[Extracted records]
--------------------------------

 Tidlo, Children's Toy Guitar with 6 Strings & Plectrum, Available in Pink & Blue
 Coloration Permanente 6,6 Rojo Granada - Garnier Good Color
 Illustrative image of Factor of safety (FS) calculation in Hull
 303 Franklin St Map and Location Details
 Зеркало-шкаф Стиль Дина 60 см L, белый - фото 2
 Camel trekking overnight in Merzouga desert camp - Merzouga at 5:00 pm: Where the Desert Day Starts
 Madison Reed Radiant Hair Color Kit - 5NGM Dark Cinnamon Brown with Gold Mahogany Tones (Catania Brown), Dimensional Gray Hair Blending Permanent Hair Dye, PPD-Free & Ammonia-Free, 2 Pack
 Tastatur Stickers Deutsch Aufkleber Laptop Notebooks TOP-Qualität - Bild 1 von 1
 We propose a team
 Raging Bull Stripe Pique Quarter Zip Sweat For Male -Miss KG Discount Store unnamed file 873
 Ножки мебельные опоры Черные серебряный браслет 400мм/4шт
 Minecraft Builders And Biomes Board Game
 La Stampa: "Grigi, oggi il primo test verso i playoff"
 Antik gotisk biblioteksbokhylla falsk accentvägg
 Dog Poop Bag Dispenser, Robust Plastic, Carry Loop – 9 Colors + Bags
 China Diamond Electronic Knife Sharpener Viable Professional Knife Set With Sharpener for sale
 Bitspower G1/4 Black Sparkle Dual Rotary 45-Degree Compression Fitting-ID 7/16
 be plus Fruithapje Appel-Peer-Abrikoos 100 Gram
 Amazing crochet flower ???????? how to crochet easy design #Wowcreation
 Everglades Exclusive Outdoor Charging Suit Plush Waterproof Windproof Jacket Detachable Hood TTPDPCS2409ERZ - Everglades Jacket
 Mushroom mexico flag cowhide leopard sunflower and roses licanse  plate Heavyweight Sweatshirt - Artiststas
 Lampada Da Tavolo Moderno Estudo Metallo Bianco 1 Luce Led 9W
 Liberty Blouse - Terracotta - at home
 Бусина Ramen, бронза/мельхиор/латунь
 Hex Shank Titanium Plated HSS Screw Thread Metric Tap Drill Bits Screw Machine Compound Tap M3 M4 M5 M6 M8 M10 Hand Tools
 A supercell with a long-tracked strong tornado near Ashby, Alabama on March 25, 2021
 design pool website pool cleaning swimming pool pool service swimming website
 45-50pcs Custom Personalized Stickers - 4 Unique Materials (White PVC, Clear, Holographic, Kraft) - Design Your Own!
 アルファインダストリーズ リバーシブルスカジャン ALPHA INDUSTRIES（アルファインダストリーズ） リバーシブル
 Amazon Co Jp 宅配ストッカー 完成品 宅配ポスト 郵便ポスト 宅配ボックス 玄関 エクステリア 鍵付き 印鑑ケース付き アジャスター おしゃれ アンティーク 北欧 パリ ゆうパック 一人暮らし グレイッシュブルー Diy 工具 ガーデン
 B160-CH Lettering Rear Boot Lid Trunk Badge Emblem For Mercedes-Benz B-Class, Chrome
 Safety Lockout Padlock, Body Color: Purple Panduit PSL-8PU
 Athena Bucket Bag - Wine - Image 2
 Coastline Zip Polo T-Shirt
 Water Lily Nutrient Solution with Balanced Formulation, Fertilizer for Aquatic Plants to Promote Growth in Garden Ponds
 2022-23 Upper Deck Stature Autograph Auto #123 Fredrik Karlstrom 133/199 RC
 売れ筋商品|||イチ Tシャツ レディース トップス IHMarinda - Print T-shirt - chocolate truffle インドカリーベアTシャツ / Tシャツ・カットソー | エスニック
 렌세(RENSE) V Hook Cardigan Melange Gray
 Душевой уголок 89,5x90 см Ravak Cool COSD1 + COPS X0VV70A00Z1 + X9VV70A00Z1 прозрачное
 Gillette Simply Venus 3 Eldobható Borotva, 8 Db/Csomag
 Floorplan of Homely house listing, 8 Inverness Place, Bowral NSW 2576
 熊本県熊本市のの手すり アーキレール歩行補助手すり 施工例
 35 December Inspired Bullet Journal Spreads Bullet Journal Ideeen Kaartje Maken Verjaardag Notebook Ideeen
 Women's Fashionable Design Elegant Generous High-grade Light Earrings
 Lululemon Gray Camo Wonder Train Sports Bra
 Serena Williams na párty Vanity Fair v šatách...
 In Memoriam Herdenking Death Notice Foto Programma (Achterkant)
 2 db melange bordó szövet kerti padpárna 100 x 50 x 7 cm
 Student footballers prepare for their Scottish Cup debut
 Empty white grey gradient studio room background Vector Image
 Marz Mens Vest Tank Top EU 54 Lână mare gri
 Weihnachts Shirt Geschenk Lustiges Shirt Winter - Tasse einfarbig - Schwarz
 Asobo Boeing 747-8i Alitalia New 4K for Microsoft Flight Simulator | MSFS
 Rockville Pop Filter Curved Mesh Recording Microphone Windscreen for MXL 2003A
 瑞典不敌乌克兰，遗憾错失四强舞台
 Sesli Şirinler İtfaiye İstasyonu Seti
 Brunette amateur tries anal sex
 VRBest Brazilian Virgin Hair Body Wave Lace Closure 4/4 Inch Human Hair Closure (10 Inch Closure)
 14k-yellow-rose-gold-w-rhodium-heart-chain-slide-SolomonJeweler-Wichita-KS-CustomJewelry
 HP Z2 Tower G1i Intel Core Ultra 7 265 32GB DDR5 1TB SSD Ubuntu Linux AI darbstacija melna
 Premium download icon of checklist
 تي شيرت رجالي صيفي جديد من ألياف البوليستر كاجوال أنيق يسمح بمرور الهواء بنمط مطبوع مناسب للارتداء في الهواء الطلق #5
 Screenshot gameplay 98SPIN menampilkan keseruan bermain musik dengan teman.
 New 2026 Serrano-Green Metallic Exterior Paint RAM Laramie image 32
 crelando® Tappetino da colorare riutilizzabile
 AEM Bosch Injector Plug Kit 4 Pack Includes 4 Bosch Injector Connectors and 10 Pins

--------------------------------

▶ **EXERCISE**
Nothing is to be left out, and every entry is to be transcribed exactly.

▶ **THE ANSWER**
 Tidlo, Children's Toy Guitar with 6 Strings & Plectrum, Available in Pink & Blue
 Coloration Permanente 6,6 Rojo Granada - Garnier Good Color
 Illustrative image of Factor of safety (FS) calculation in Hull
 303 Franklin St Map and Location Details
 Зеркало-шкаф Стиль Дина 60 см L, белый - фото 2
 Camel trekking overnight in Merzouga desert camp - Merzouga at 5:00 pm: Where the Desert Day Starts
 Madison Reed Radiant Hair Color Kit - 5NGM Dark Cinnamon Brown with Gold Mahogany Tones (Catania Brown), Dimensional Gray Hair Blending Permanent Hair Dye, PPD-Free & Ammonia-Free, 2 Pack
 Tastatur Stickers Deutsch Aufkleber Laptop Notebooks TOP-Qualität - Bild 1 von 1
 We propose a team
 Raging Bull Stripe Pique Quarter Zip Sweat For Male -Miss KG Discount Store unnamed file 873
 Ножки мебельные опоры Черные серебряный браслет 400мм/4шт
 Minecraft Builders And Biomes Board Game
 La Stampa: "Grigi, oggi il primo test verso i playoff"
 Antik gotisk biblioteksbokhylla falsk accentvägg
 Dog Poop Bag Dispenser, Robust Plastic, Carry Loop – 9 Colors + Bags
 China Diamond Electronic Knife Sharpener Viable Professional Knife Set With Sharpener for sale
 Bitspower G1/4 Black Sparkle Dual Rotary 45-Degree Compression Fitting-ID 7/16
 be plus Fruithapje Appel-Peer-Abrikoos 100 Gram
 Amazing crochet flower ???????? how to crochet easy design #Wowcreation
 Everglades Exclusive Outdoor Charging Suit Plush Waterproof Windproof Jacket Detachable Hood TTPDPCS2409ERZ - Everglades Jacket
 Mushroom mexico flag cowhide leopard sunflower and roses licanse  plate Heavyweight Sweatshirt - Artiststas
 Lampada Da Tavolo Moderno Estudo Metallo Bianco 1 Luce Led 9W
 Liberty Blouse - Terracotta - at home
 Бусина Ramen, бронза/мельхиор/латунь
 Hex Shank Titanium Plated HSS Screw Thread Metric Tap Drill Bits Screw Machine Compound Tap M3 M4 M5 M6 M8 M10 Hand Tools
 A supercell with a long-tracked strong tornado near Ashby, Alabama on March 25, 2021
 design pool website pool cleaning swimming pool pool service swimming website
 45-50pcs Custom Personalized Stickers - 4 Unique Materials (White PVC, Clear, Holographic, Kraft) - Design Your Own!
 アルファインダストリーズ リバーシブルスカジャン ALPHA INDUSTRIES（アルファインダストリーズ） リバーシブル
 Amazon Co Jp 宅配ストッカー 完成品 宅配ポスト 郵便ポスト 宅配ボックス 玄関 エクステリア 鍵付き 印鑑ケース付き アジャスター おしゃれ アンティーク 北欧 パリ ゆうパック 一人暮らし グレイッシュブルー Diy 工具 ガーデン
 B160-CH Lettering Rear Boot Lid Trunk Badge Emblem For Mercedes-Benz B-Class, Chrome
 Safety Lockout Padlock, Body Color: Purple Panduit PSL-8PU
 Athena Bucket Bag - Wine - Image 2
 Coastline Zip Polo T-Shirt
 Water Lily Nutrient Solution with Balanced Formulation, Fertilizer for Aquatic Plants to Promote Growth in Garden Ponds
 2022-23 Upper Deck Stature Autograph Auto #123 Fredrik Karlstrom 133/199 RC
 売れ筋商品|||イチ Tシャツ レディース トップス IHMarinda - Print T-shirt - chocolate truffle インドカリーベアTシャツ / Tシャツ・カットソー | エスニック
 렌세(RENSE) V Hook Cardigan Melange Gray
 Душевой уголок 89,5x90 см Ravak Cool COSD1 + COPS X0VV70A00Z1 + X9VV70A00Z1 прозрачное
 Gillette Simply Venus 3 Eldobható Borotva, 8 Db/Csomag
 Floorplan of Homely house listing, 8 Inverness Place, Bowral NSW 2576
 熊本県熊本市のの手すり アーキレール歩行補助手すり 施工例
 35 December Inspired Bullet Journal Spreads Bullet Journal Ideeen Kaartje Maken Verjaardag Notebook Ideeen
 Women's Fashionable Design Elegant Generous High-grade Light Earrings
 Lululemon Gray Camo Wonder Train Sports Bra
 Serena Williams na párty Vanity Fair v šatách...
 In Memoriam Herdenking Death Notice Foto Programma (Achterkant)
 2 db melange bordó szövet kerti padpárna 100 x 50 x 7 cm
 Student footballers prepare for their Scottish Cup debut
 Empty white grey gradient studio room background Vector Image
 Marz Mens Vest Tank Top EU 54 Lână mare gri
 Weihnachts Shirt Geschenk Lustiges Shirt Winter - Tasse einfarbig - Schwarz
 Asobo Boeing 747-8i Alitalia New 4K for Microsoft Flight Simulator | MSFS
 Rockville Pop Filter Curved Mesh Recording Microphone Windscreen for MXL 2003A
 瑞典不敌乌克兰，遗憾错失四强舞台
 Sesli Şirinler İtfaiye İstasyonu Seti
 Brunette amateur tries anal sex
 VRBest Brazilian Virgin Hair Body Wave Lace Closure 4/4 Inch Human Hair Closure (10 Inch Closure)
 14k-yellow-rose-gold-w-rhodium-heart-chain-slide-SolomonJeweler-Wichita-KS-CustomJewelry
 HP Z2 Tower G1i Intel Core Ultra 7 265 32GB DDR5 1TB SSD Ubuntu Linux AI darbstacija melna
 Premium download icon of checklist
 تي شيرت رجالي صيفي جديد من ألياف البوليستر كاجوال أنيق يسمح بمرور الهواء بنمط مطبوع مناسب للارتداء في الهواء الطلق #5
 Screenshot gameplay 98SPIN menampilkan keseruan bermain musik dengan teman.
 New 2026 Serrano-Green Metallic Exterior Paint RAM Laramie image 32
 crelando® Tappetino da colorare riutilizzabile
 AEM Bosch Injector Plug Kit 4 Pack Includes 4 Bosch Injector Connectors and 10 Pins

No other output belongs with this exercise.